Last October, Democratic Gov. Jerry Brown of California signed new legislation permitting terminally ill people to request medication that will kill them from a doctor, otherwise known as "assisted suicide."

Shortly after Brown signed the bill, there was some confusion among the public about when it would actually take effect, due to the unusual manner in which the bill was passed – in an "extraordinary session" of the legislature called by Brown himself. Under such conditions, any law that is passed cannot take effect for 90 days after that session is adjourned.

The session just closed March 9, meaning that the End of Life Option Act will now go into effect June 9, NPR reported the following day.

"We're glad to finally have arrived at this day where we have a date certain," said Sen. Bill Monning, D-Carmel.

"It's a historic achievement for California, and for a limited universe of people dealing with a terminal illness," Monning added. "It could indeed be a transformative way of giving them the option of a compassionate end-of-life process."

'We want to protect people from abuse'

Disability rights advocates fought long and hard against the measure's passage last year, and now that it is set to take effect, they are continuing to voice concerns.

Marilyn Golden, a senior policy analyst with the Disability Rights Education & Defense Fund, told NPR that it is not possible to know, as one example, if a depressed patient who is suicidal went to several doctors first, who all turned down the lethal medication request, before finding one who would agree to write a prescription for it.

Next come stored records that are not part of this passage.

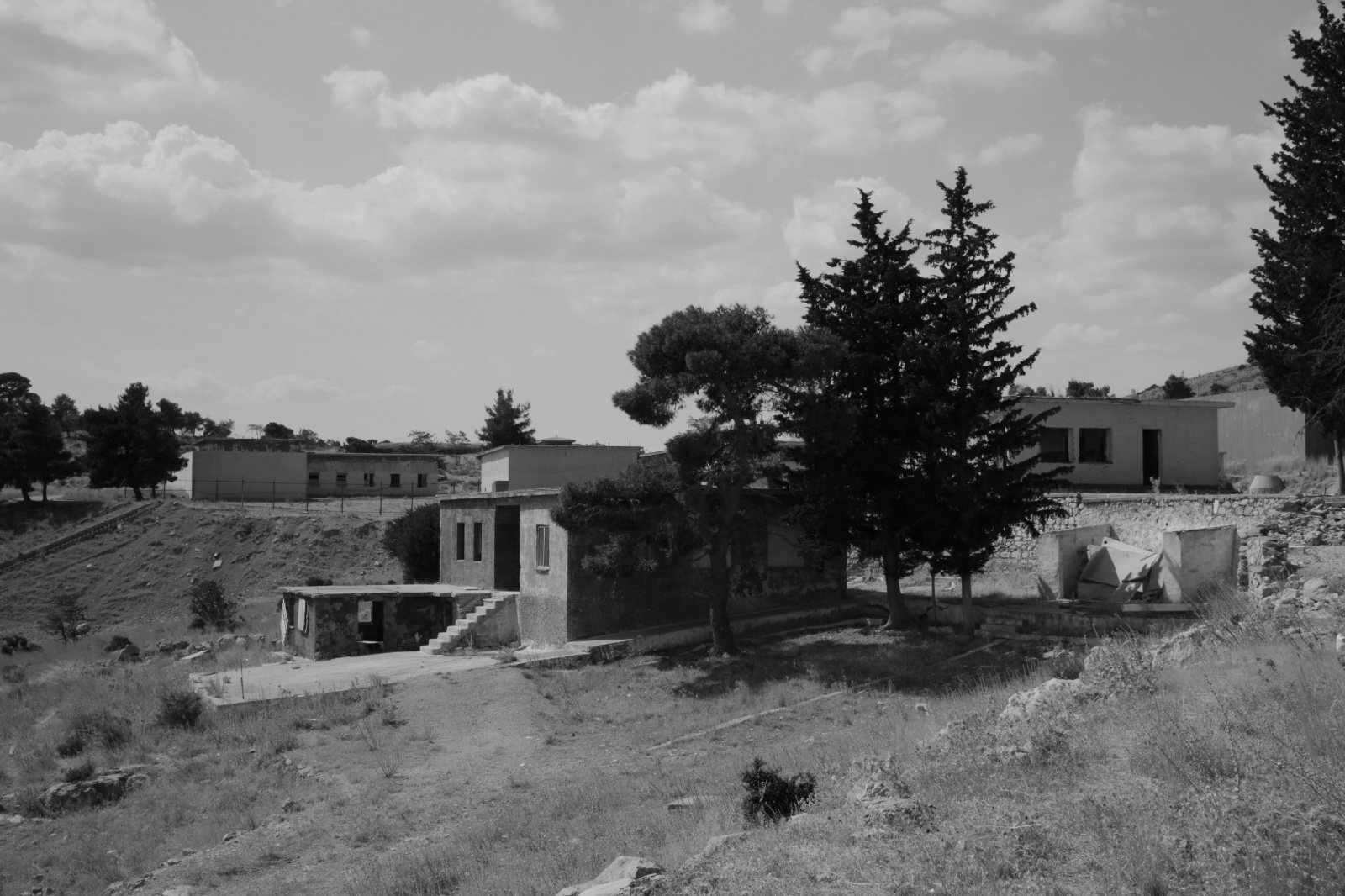 Abandoned NATO base,  Aspropyrgos, Greece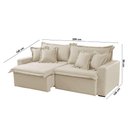 Ver imagem 2 de Sofá Montreal Linho 02 Módulos de 120m B25cm Meu Sofá Online A302 Linho Branco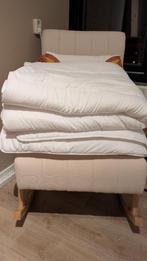 2 Duvet and 2 Duvet cover single bed, Ophalen, Eenpersoons, Wit, Deken of Dekbed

"We are looking ahead at measures to protect people from abuse, and to explore and inform doctors, nurses and pharmacists that they don't have to participate," she said.

NPR reported further:

As written, the law requires two doctors to agree, before prescribing the drugs, that a patient has six months or less to live. Patients must be able to swallow the medication themselves and must affirm in writing, 48 hours before taking the medication, that they will do so.

With passage of the measure, California became the fifth state to permit assisted suicide, joining Montana, Vermont, Oregon and Washington.

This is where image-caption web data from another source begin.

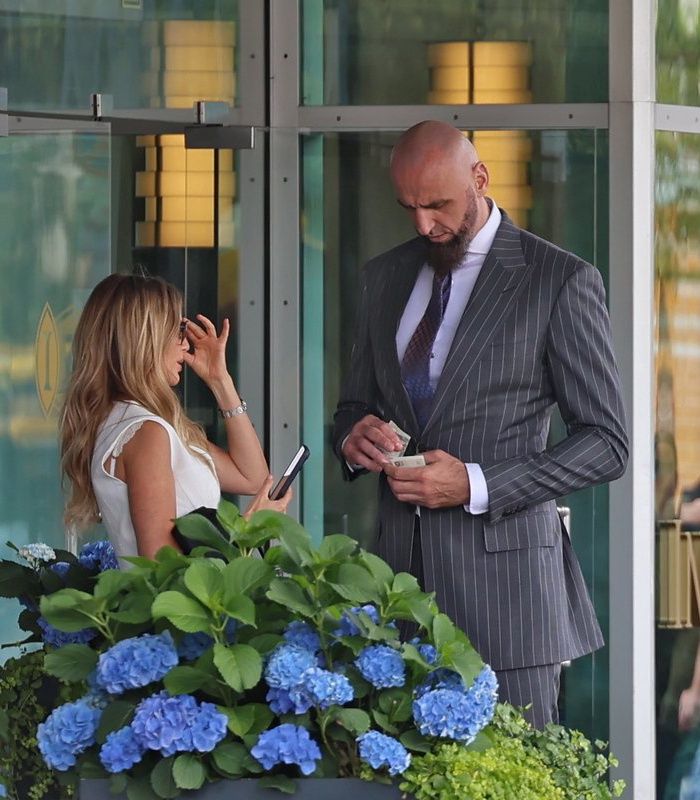 Marcin Gortat z żoną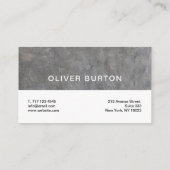 Carte de visite avec texture en béton. (Dos)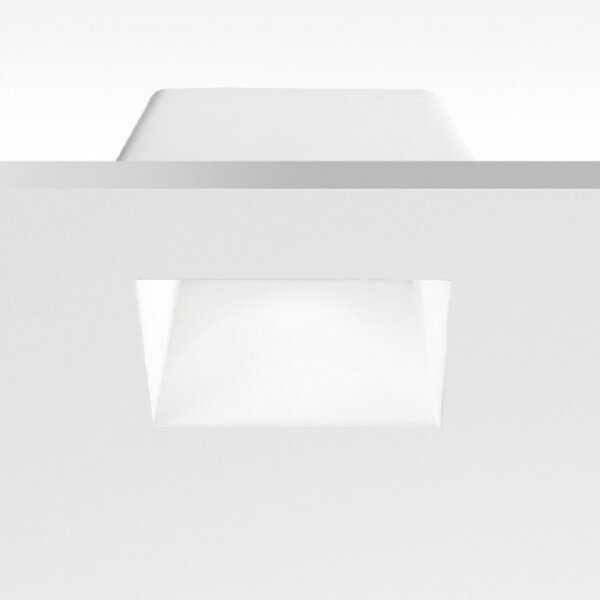 Faretto incasso gesso gea led bianca q gfa593 led spot moderno cartongesso scomparsa ottica fissa interno gu10 - Gea Led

Across the state, patients with advanced cancer were happy about the news.

"It gives me a great peace of mind to know that I will not be forced to die slowly and painfully," said Elizabeth Wallner, in a release from Compassion & Choices, an aid-in-dying advocacy group.

Wallner, 52, of Sacramento, is a single mother who has stage 4 colon cancer that has metastasized to her liver and lungs. It is unclear whether she has tried any alternative treatments other than standard chemo- and radiation therapies.

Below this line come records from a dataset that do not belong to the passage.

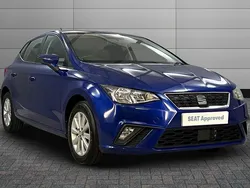 Blue Used 2017 Seat Ibiza SE Hatchback | £8,250 (Fair price)
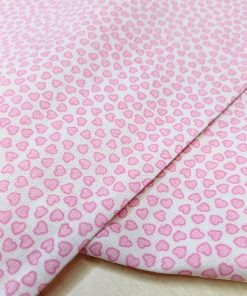 Minik Pembe Kalpli Poplin Kumaş AYT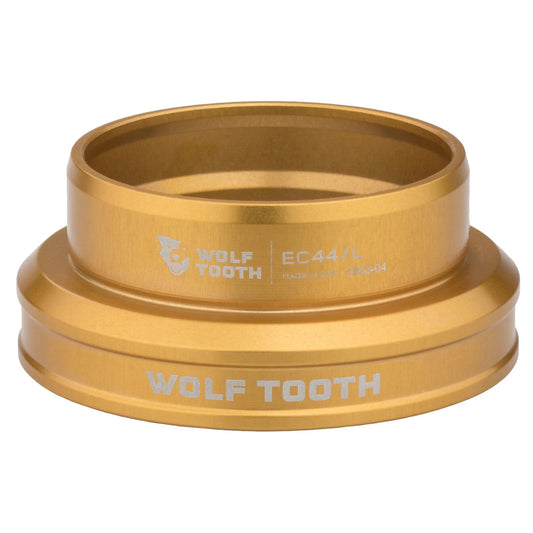 Onderste Lagerkop voor Extern Stuurlager WOLF TOOTH PERFORMANCE 1.5" EC44 Goud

"It gives great comfort to know that the agonizingly traumatic image of me suffering will not be my family's last memory of me," she said.

Endorsing patient suicide

For his part, Sen. Monning thanked those who worked to get the law passed.

"I really believe we use today to mark and dedicate the memory of some true champions," he said.

Other groups say such laws are ripe for abuse, including the Christian-centered Focus on the Family.

"For instance, once the lethal prescription is handed to the patient, there is no accountability of what takes place next," the group said on its website. "A third party (including someone who stands to benefit financially from the patient's death) could administer the drug to the patient without patient consent, even if the patient changed her mind and struggled against the overdose.

"Laws do not require consent at the time of death, only consent to obtain the lethal prescription - a distinction which can give someone other the patient the power to decide when death occurs. In reality, there is no protected 'choice' as proponents claim," the group continued.

Others argue that in a period when policymakers are focused on providing healthcare for all, it makes no sense to approve legislation endorsing patient suicide.